__Work item__.
Reproduce every line of the material below exactly. No pictures belong in the copy.

---- Information provided

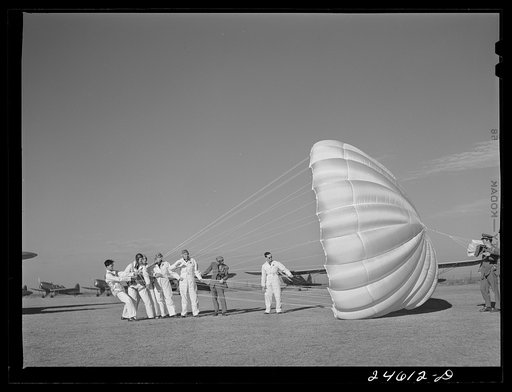 Instructor explaining operation of parachute to student pilots. Meacham Field, Fort Worth, Texas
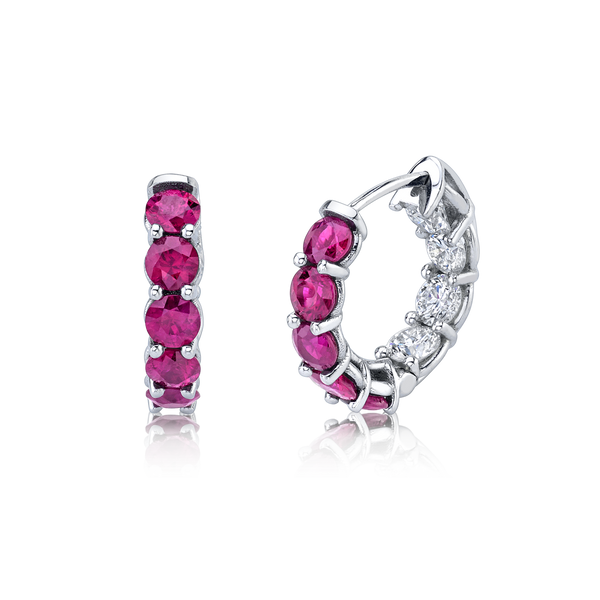 A pair of 18K white gold huggie earrings featuring round ruby and white diamond accents by Norman Silverman Los Angeles.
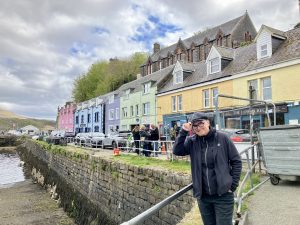 Doffing my cap in the town of Portree on the Isle of Skye in Scotland.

--------

__Solution to this exercise__.
 Instructor explaining operation of parachute to student pilots. Meacham Field, Fort Worth, Texas
 A pair of 18K white gold huggie earrings featuring round ruby and white diamond accents by Norman Silverman Los Angeles.
 Doffing my cap in the town of Portree on the Isle of Skye in Scotland.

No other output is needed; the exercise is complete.